The Equal Employment Opportunity Commission (EEOC), a federal agency, has said that Title VII of the Civil Rights Act prohibits workplace discrimination based on sexual orientation and gender identity. The law doesn’t explicitly prohibit anti-gay or anti-trans discrimination, instead banning discrimination based on sex. But advocates argue that bans on sex discrimination should cover anti-gay and anti-trans discrimination as well, because discrimination based on sexual orientation and gender identity is fundamentally rooted in expectations about a person’s sex.
Some lower courts have agreed with the stance. In R.G. & G.R. Harris Funeral Homes v. EEOC, for instance, the Sixth Circuit Court of Appeals declared, “It is analytically impossible to fire an employee based on that employee’s status as a transgender person without being motivated, at least in part, by the employee’s sex.”
But some courts have also ruled against LGBTQ rights — like the 11th Circuit Court’s ruling that “discharge for homosexuality is not prohibited by Title VII.” President Donald Trump’s administration has also argued that Title VII doesn’t prohibit discrimination based on sexual orientation or gender identity.
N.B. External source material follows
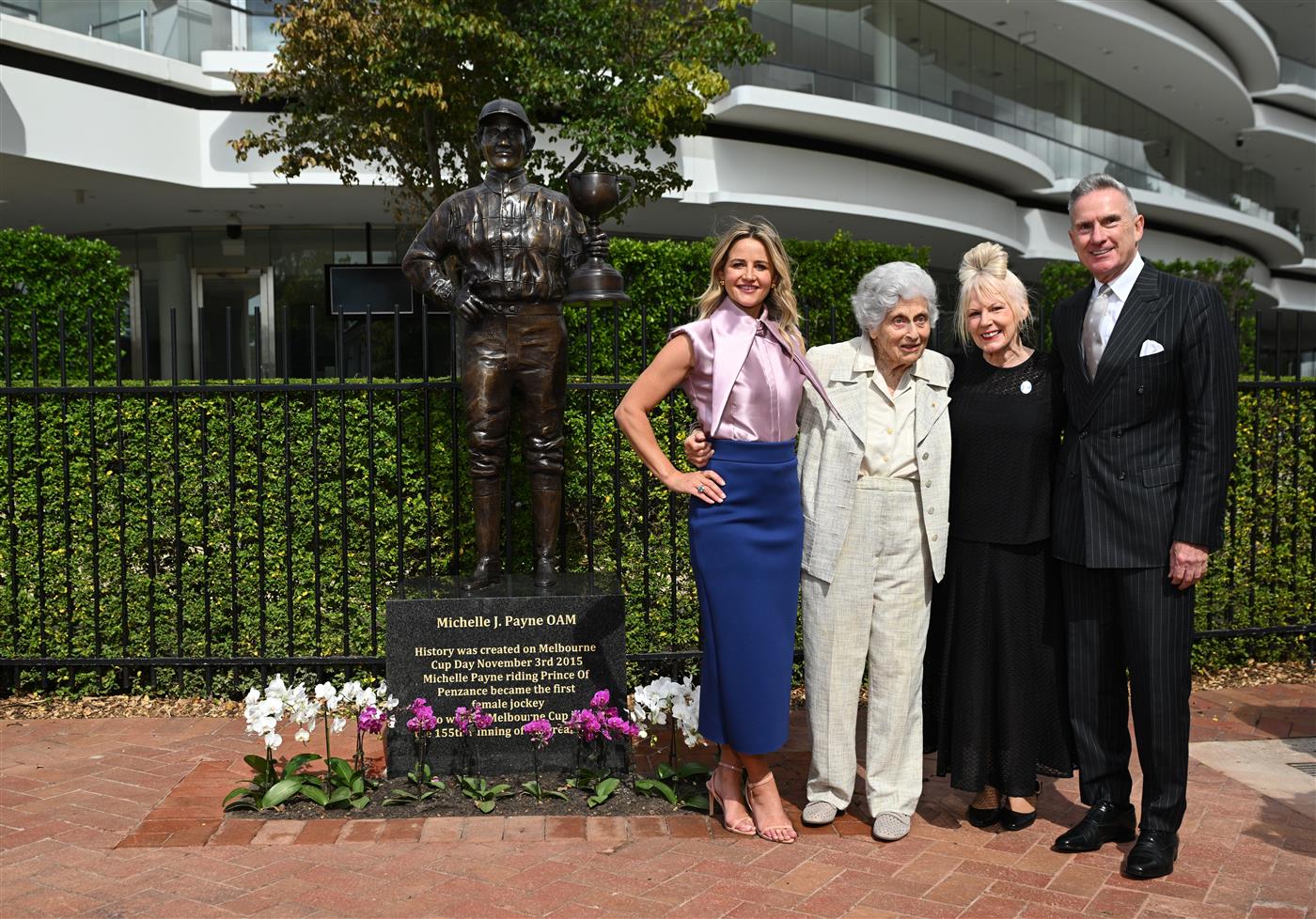 MELBOURNE, AUSTRALIA - MARCH 26: Michelle Payne, the first female jockey to win Australia’s most iconic race, the Lexus Melbourne Cup aboard Prince of Penzance poses with  philanthropist Lady Marigold Southey AC, acclaimed artist Judith Leman and and Neil Wilson – VRC Chairman (r) during the official unveiling of the Michelle Payne Statue at Flemington Racecourse on March 26, 2026 in Melbourne, Australia. (Photo by Vince Caligiuri/Getty Images)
The Supreme Court will now settle the question. It’s unclear how they’ll rule: The Court now has a likely conservative majority on these issues, since former Justice Anthony Kennedy — a strong ally of LGBTQ rights, despite his largely conservative record — retired in 2018. That could be bad news for LGBTQ rights.
Most states don’t explicitly ban anti-LGBTQ discrimination
The cases cover a big gap in LGBTQ rights in the US: Under federal and most states’ laws, LGBTQ people aren’t explicitly protected from discrimination in the workplace, housing, or public accommodations (like restaurants, hotels, and other places that serve the public).
So someone can be fired from a job, evicted from a home, or kicked out of a business just because an employer, landlord, or business owner doesn’t approve of the person’s sexual orientation or gender identity.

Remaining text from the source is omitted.